→ **TASK PROMPT**: Pictures do not belong in the copy; quote every entry below exactly.

Brief descriptive captions
**********
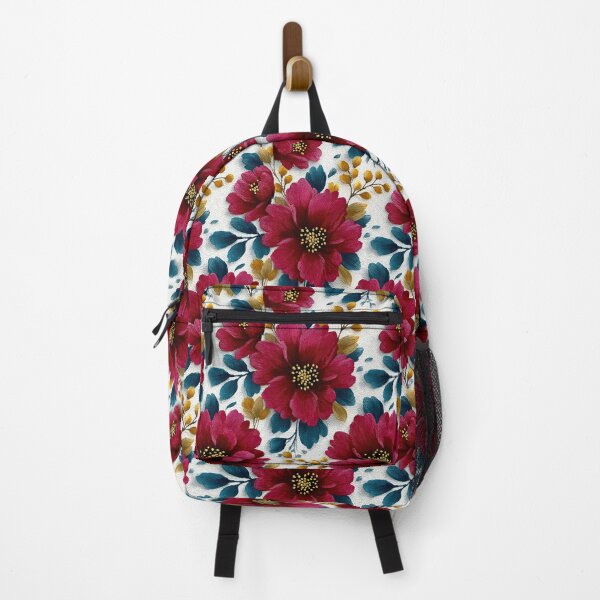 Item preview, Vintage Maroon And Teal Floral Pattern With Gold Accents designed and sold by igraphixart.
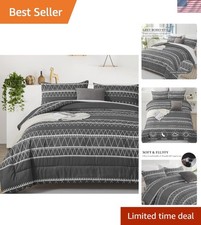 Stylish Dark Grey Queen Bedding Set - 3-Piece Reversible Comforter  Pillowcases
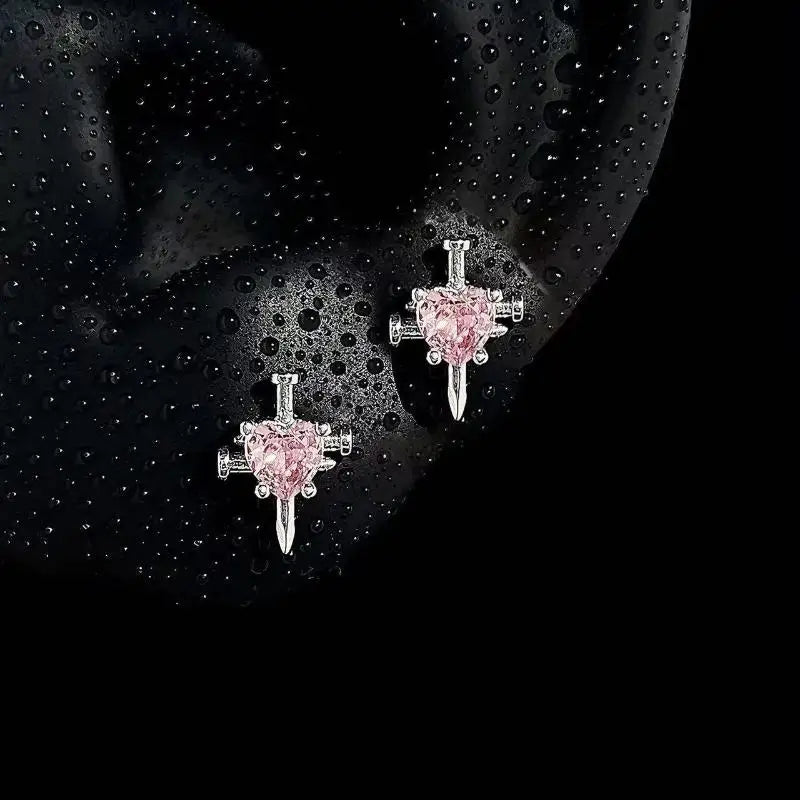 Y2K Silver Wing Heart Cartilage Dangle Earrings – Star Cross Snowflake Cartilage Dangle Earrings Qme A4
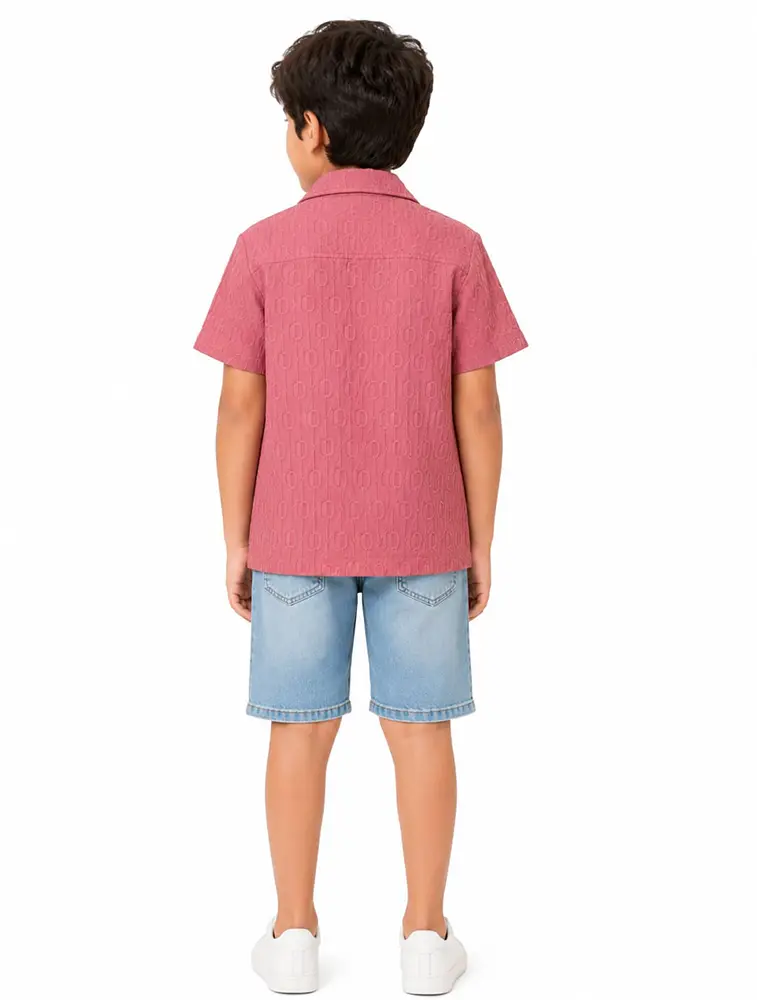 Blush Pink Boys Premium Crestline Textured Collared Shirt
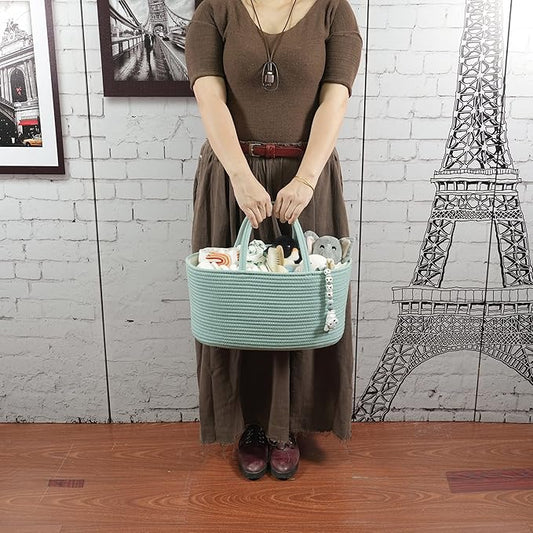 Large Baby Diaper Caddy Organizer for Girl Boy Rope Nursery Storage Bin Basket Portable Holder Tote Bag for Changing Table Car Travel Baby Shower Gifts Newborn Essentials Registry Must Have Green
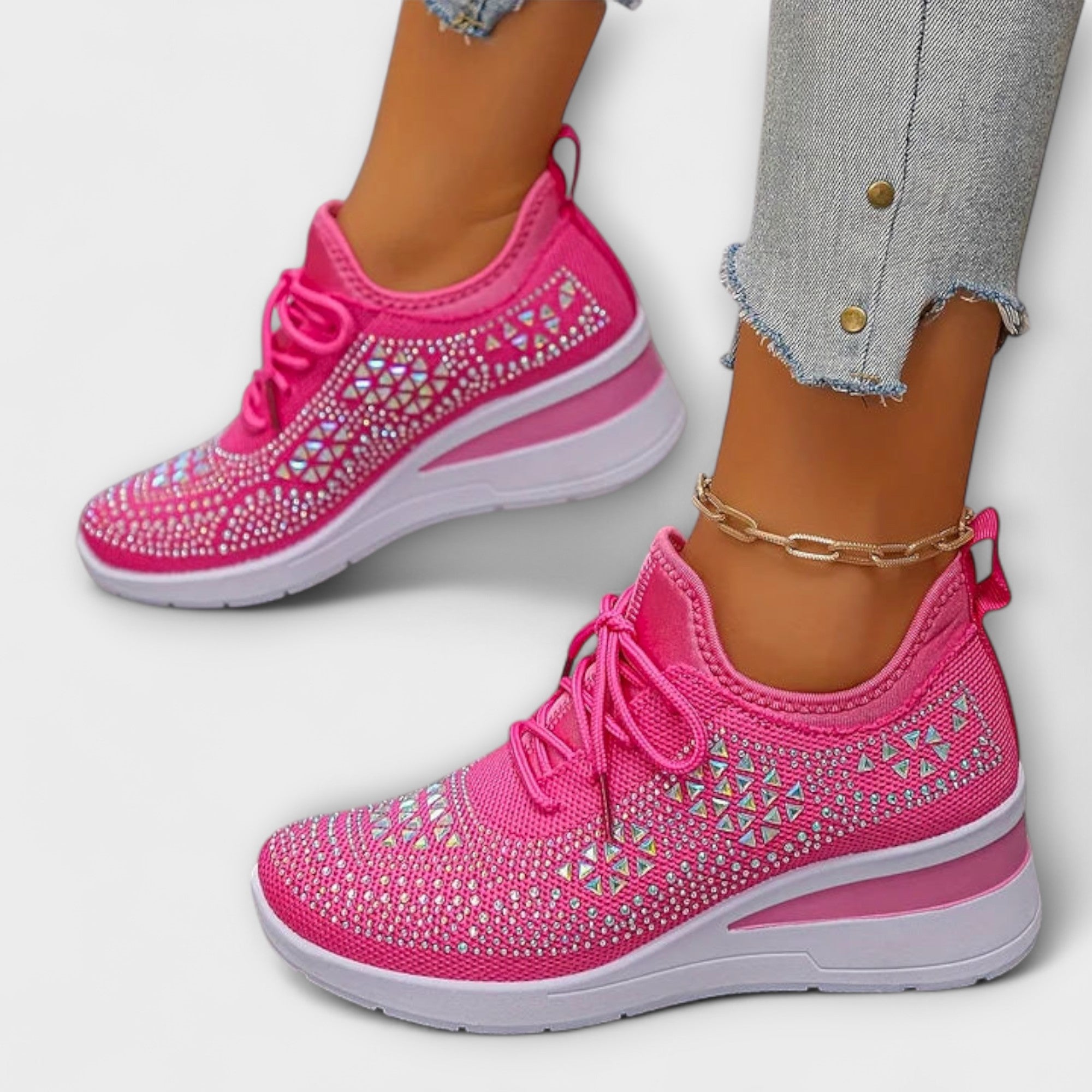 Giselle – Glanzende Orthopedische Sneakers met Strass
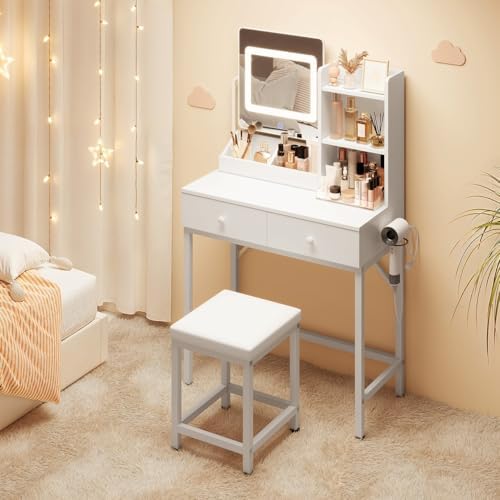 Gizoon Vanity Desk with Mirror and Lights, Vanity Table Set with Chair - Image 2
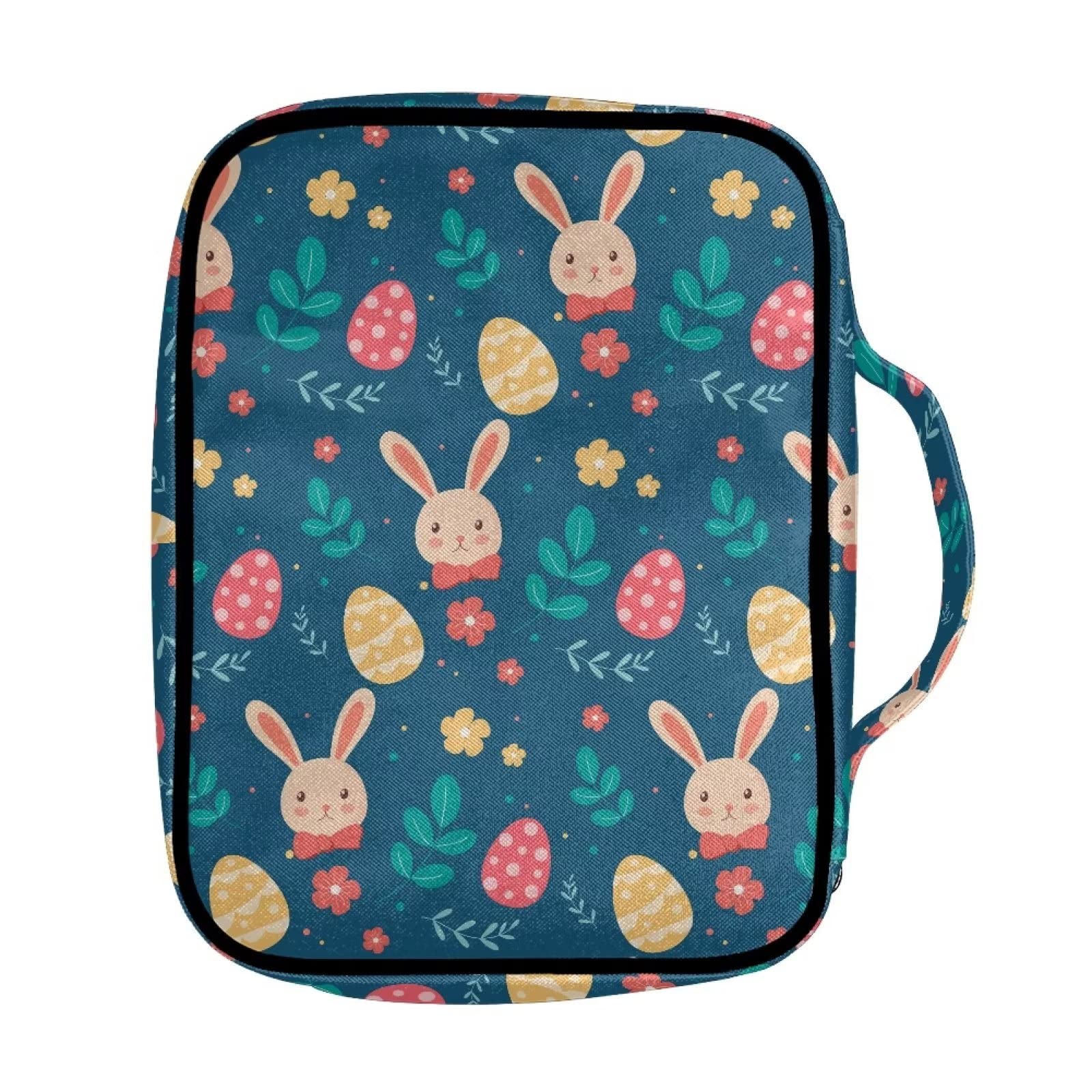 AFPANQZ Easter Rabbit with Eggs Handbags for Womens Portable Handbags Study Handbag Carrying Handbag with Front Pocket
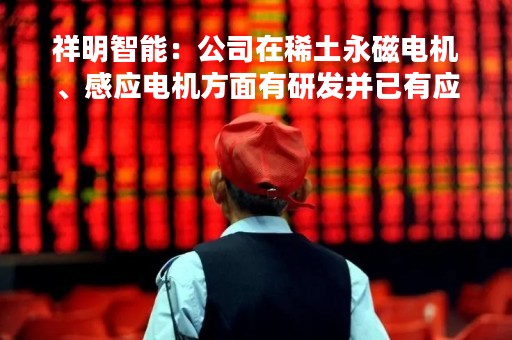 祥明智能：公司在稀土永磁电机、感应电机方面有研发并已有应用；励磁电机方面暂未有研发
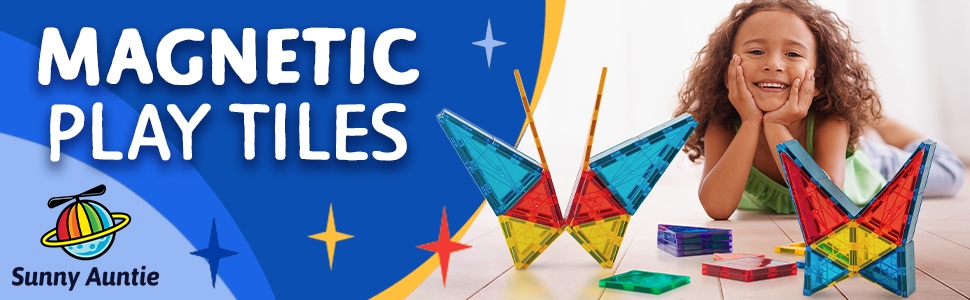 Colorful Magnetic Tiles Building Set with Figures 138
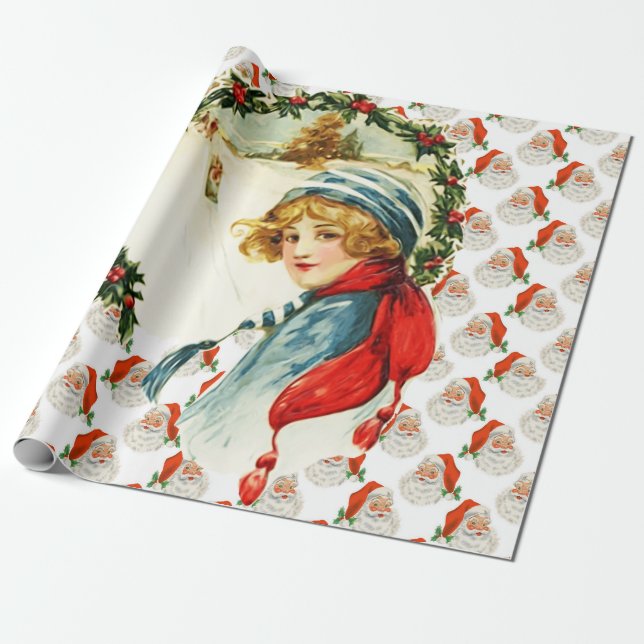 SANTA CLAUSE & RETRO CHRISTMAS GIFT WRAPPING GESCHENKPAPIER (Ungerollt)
**********
→ **SOLUTION TO THE PROBLEM**:
 Item preview, Vintage Maroon And Teal Floral Pattern With Gold Accents designed and sold by igraphixart.
 Stylish Dark Grey Queen Bedding Set - 3-Piece Reversible Comforter  Pillowcases
 Y2K Silver Wing Heart Cartilage Dangle Earrings – Star Cross Snowflake Cartilage Dangle Earrings Qme A4
 Blush Pink Boys Premium Crestline Textured Collared Shirt
 Large Baby Diaper Caddy Organizer for Girl Boy Rope Nursery Storage Bin Basket Portable Holder Tote Bag for Changing Table Car Travel Baby Shower Gifts Newborn Essentials Registry Must Have Green
 Giselle – Glanzende Orthopedische Sneakers met Strass
 Gizoon Vanity Desk with Mirror and Lights, Vanity Table Set with Chair - Image 2
 AFPANQZ Easter Rabbit with Eggs Handbags for Womens Portable Handbags Study Handbag Carrying Handbag with Front Pocket
 祥明智能：公司在稀土永磁电机、感应电机方面有研发并已有应用；励磁电机方面暂未有研发
 Colorful Magnetic Tiles Building Set with Figures 138
 SANTA CLAUSE & RETRO CHRISTMAS GIFT WRAPPING GESCHENKPAPIER (Ungerollt)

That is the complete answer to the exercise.